Il virus antipopulista

È presto per dirlo. Ma forse, quando tireremo il bilancio di questo tsunami, accanto ai tanti morti da piangere ci sarà anche una vittoria da celebrare. Quella dei governi occidentali contro un virus – politicamente – forse ancora più pericoloso del Covid, il virus del populismo. Con l’attenzione mediatica – comprensibilmente – monopolizzata dalla pandemia, ci siamo dimenticati che, fino a meno di un anno fa, le democrazie stavano vacillando sotto l’attacco di un nemico tanto insidioso quanto inafferrabile: la rivolta populista contro le elite. Oggi, il vento è cambiato. Per tre fattori, proiettati sulla scena politica dallo stato d’eccezione in cui siamo precipitati.

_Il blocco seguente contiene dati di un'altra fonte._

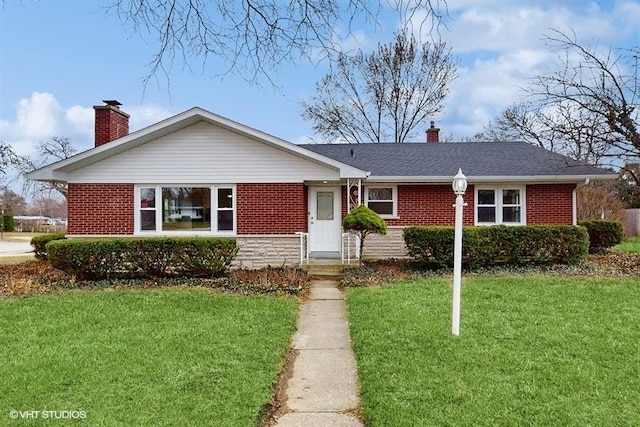 226 W Highland Dr, Chicago Heights, IL 60411 - ranch-style house with a front yard, brick siding, and a chimney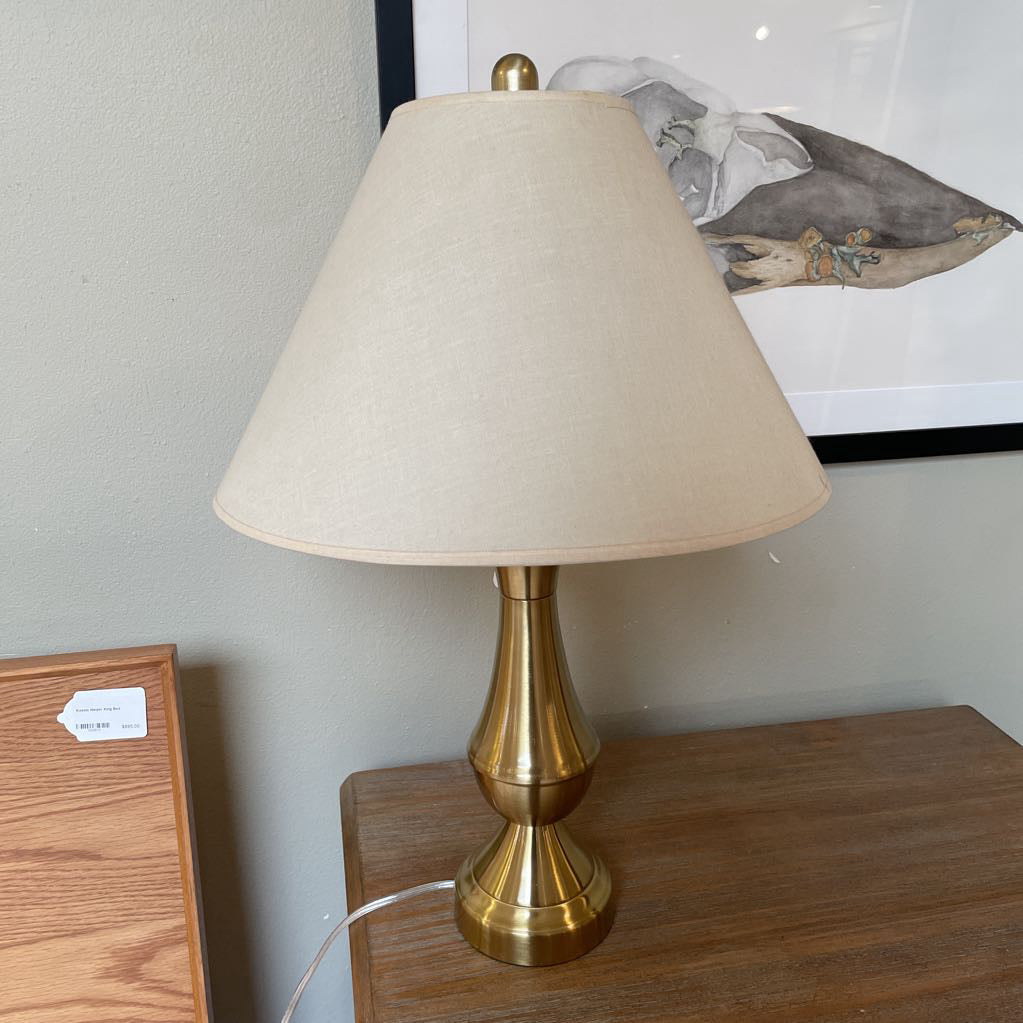 Round Brass Table Lamp with Wide Shade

Il primo è stato il ritorno del welfare come bussola dell’intervento governativo. Il declino dello «stato sociale» era stata la causa principale del progressivo allontanamento delle masse dai loro governanti. Il patto socialdemocratico – benessere in cambio di consenso – era stato alla base della centralità dei partiti nella seconda metà del Novecento, e quando la coperta della finanza pubblica era diventata troppo corta l’elettorato si era ribellato. Prima col neo-liberismo, poi con l’austerità, la dottrina dominante della globalizzazione era diventata un neo-darwinismo sociale, il cui risultato più palpabile era una crescita senza precedenti delle diseguaglianze. Siamo ben lontani dall’avere invertito questo trend, e non è purtroppo da escludere che il saldo finale della pandemia possa essere una sua accentuazione. Ma, per la prima volta dopo almeno trent’anni, gli stati hanno ripreso ad allentare i cordoni della spesa. Nell’America di Trump come nell’Europa a guida tedesca, le banche centrali hanno immesso liquidità incondizionata e sono stati varati piani di sussidi occupazionali e previdenziali di entità e ampiezza senza precedenti. Lo stato è tornato ad essere protagonista nella vita economica.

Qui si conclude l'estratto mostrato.